Let’s Explore Diabetes with Owls

September 11, 2018 at 6:00 pm (Reads) (, )

owlsLet’s Explore Diabetes with Owls by David Sedaris


The only thing better than reading a David Sedaris book is listening to one. His method of telling stories is captivating, and getting a whole book of his essays read to you by the author himself is a real treat. The book does get off to a rocky start, possibly because it’s a various collection, and not one centered on a particular theme like his earlier works. As a result, it was a little difficult getting in to this collection.
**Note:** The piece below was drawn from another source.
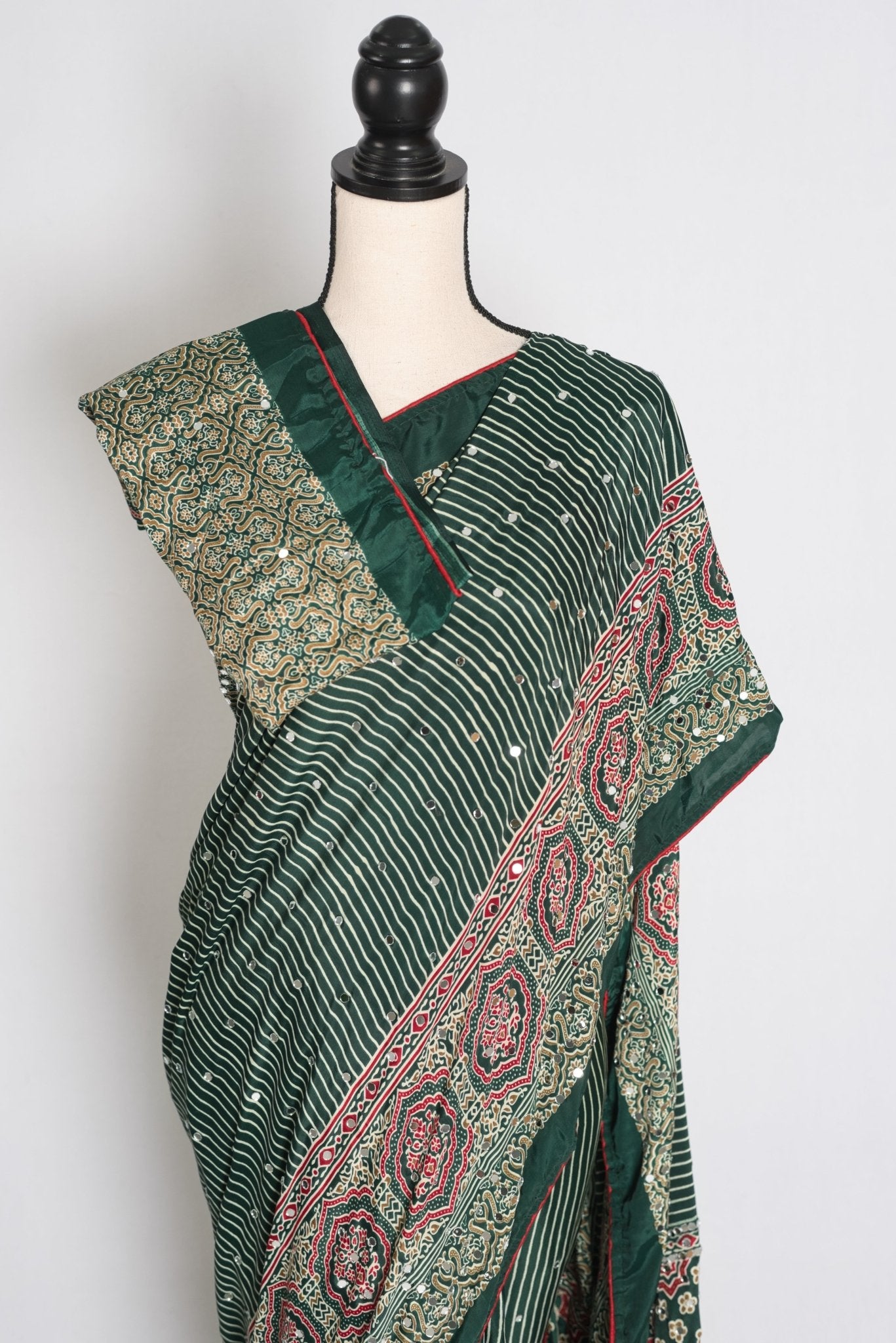 Heena – Deep Green Stripe Semi Modal Silk Ajrakh Saree with Mirror Embroidery - Saree Mandi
There’s an undercurrent of cruelty in these essays, either committed against or by Sedaris, that undermine the humor of the pieces, so the book lacks the charm that his earlier books have (the piece about the sea turtles was especially horrifying). He concludes his pieces with poignant observations that are thoughtful and meaningful, but getting there is a bit of a struggle. Later in the book, the essays return to Sedaris’ usual form, but at the beginning of the book, I was tempted to give it up.

Speaking of the beginning of the book, the tables of contents were different between the audiobook and print editions. They were mostly the same, but I noticed some pieces came later in the print version of the book than they did in the audiobook, and the monologue pieces all came at the end. At first, I thought I was reading an abridged version of the print book, but by the end, it contained all the same pieces as the dead tree edition.

Most of the book was read by Sedaris, but there were a few pieces where the producers used recordings of his live readings instead of having a studio-recorded version of the piece. Those were nice, since the audience feedback helps make some of the pieces. The one about waiting in airlines was especially good, moreso because it was one of those live recordings. I was less enthused about the musical pieces that acted as interludes between the essays. They helped to demarcate the different pieces, but they distracted from the endings of the essays.

Owls isn’t as engaging or as charming as Me Talk Pretty One Day or Holidays on Ice, but it’s still signature Sedaris storytelling. The pieces seem darker, and more self-analytical, but there are also the laugh-out-loud moments that one would expect from one of Sedaris’ collections. Fans will eat it up, but they might also come away from the book with a new outlook on Sedaris himself. At the very least, he comes across as very self-absorbed.